(Records for this task Opens)

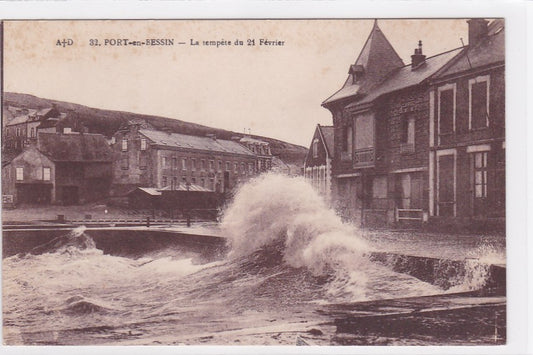 Carte Postale Ancienne CPA Calvados 14 Port-En-Bessin - La Tempête Du 21 Février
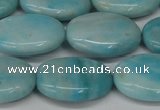 CLR375 15.5 inches 15*20mm oval dyed larimar gemstone beads
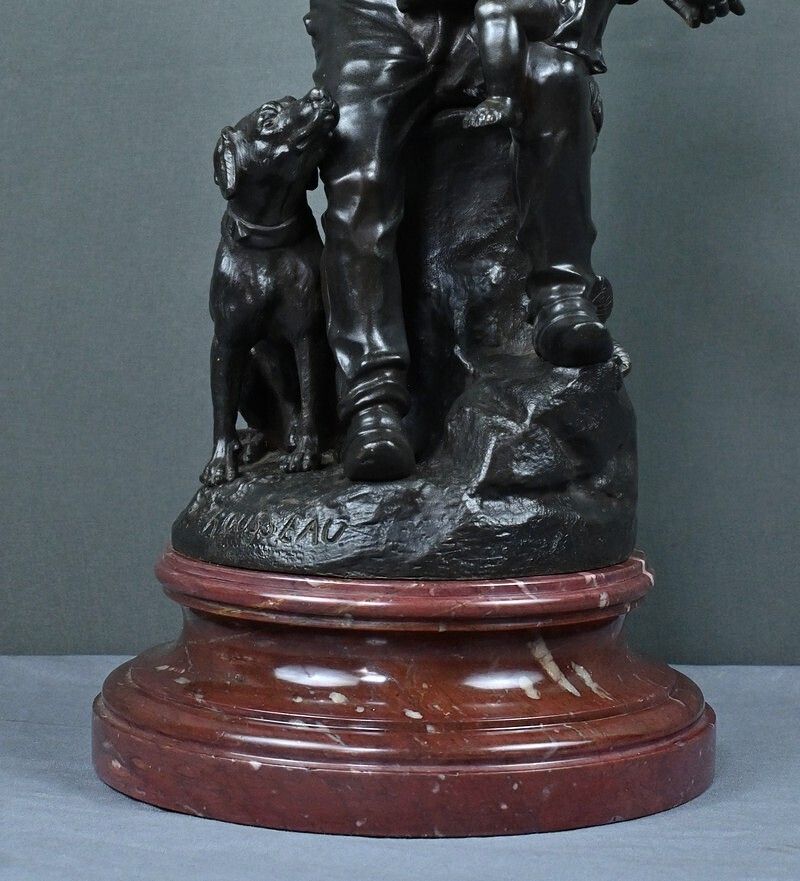 Bronze “The First Meal” By V. Rousseau – Early 20th Century photo vintage
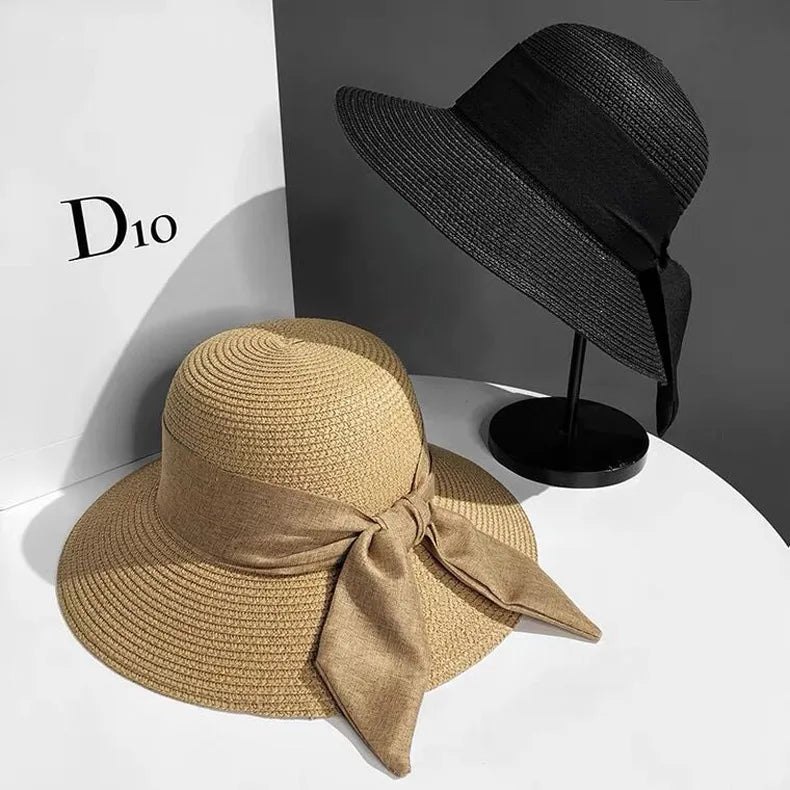 Women's Elegant Vacation Simple Style Bow Knot Big Eaves Straw Hat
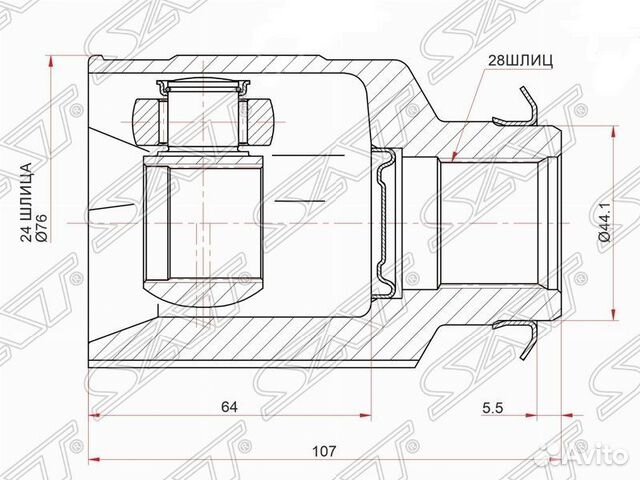 Шрус внутренний правый Creta Крета 2.0 АКПП 4WD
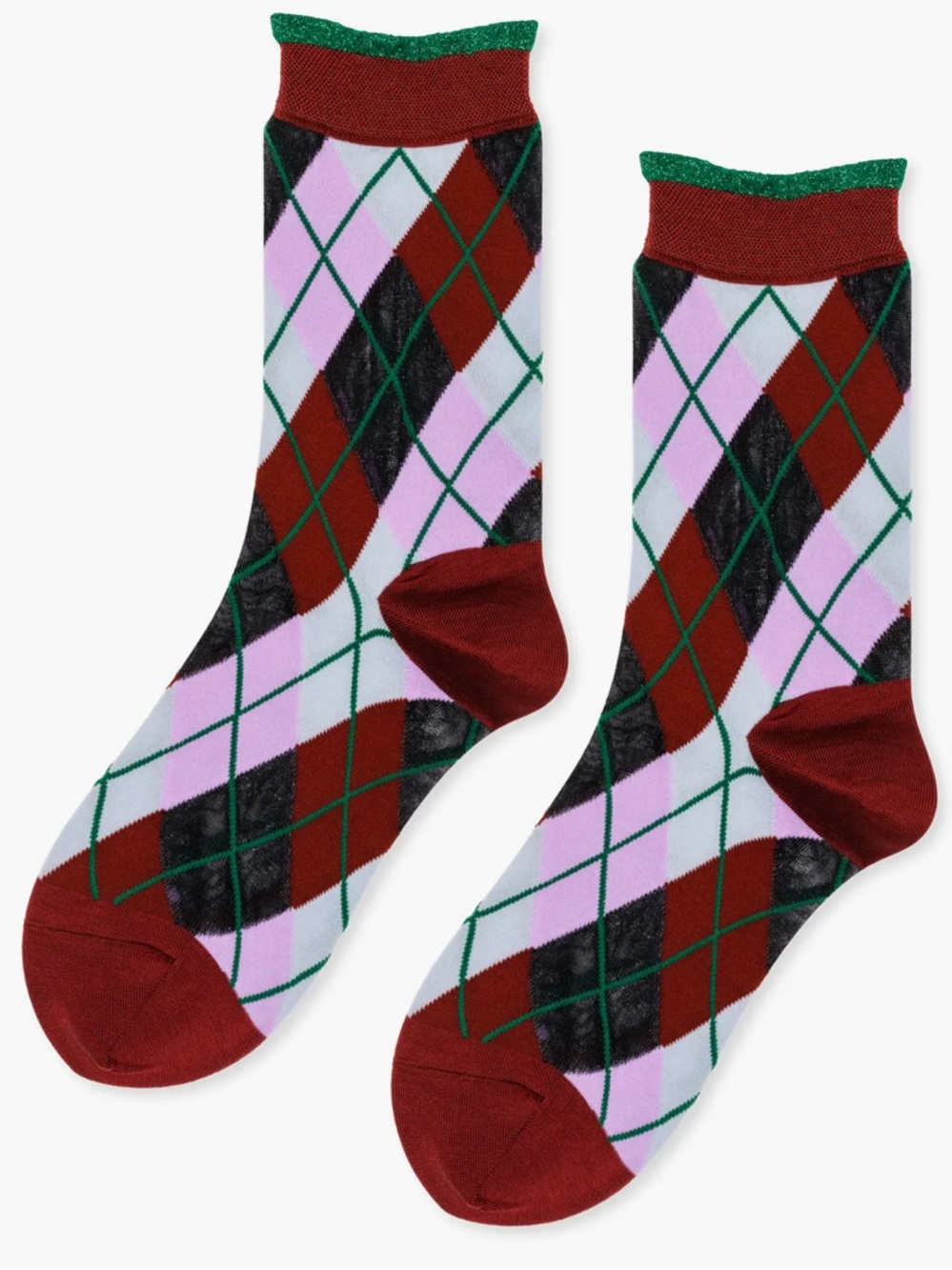 Argyle Crew Socks in Pink, Red & Green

(Records for this task Closes)

== Work request ==
Exactly the lines from the one with "CLR375 15.5 inches" through the end of the records are to be repeated, both ends included, and pictures are to be omitted.

== Task answer ==
 CLR375 15.5 inches 15*20mm oval dyed larimar gemstone beads
 Bronze “The First Meal” By V. Rousseau – Early 20th Century photo vintage
 Women's Elegant Vacation Simple Style Bow Knot Big Eaves Straw Hat
 Шрус внутренний правый Creta Крета 2.0 АКПП 4WD
 Argyle Crew Socks in Pink, Red & Green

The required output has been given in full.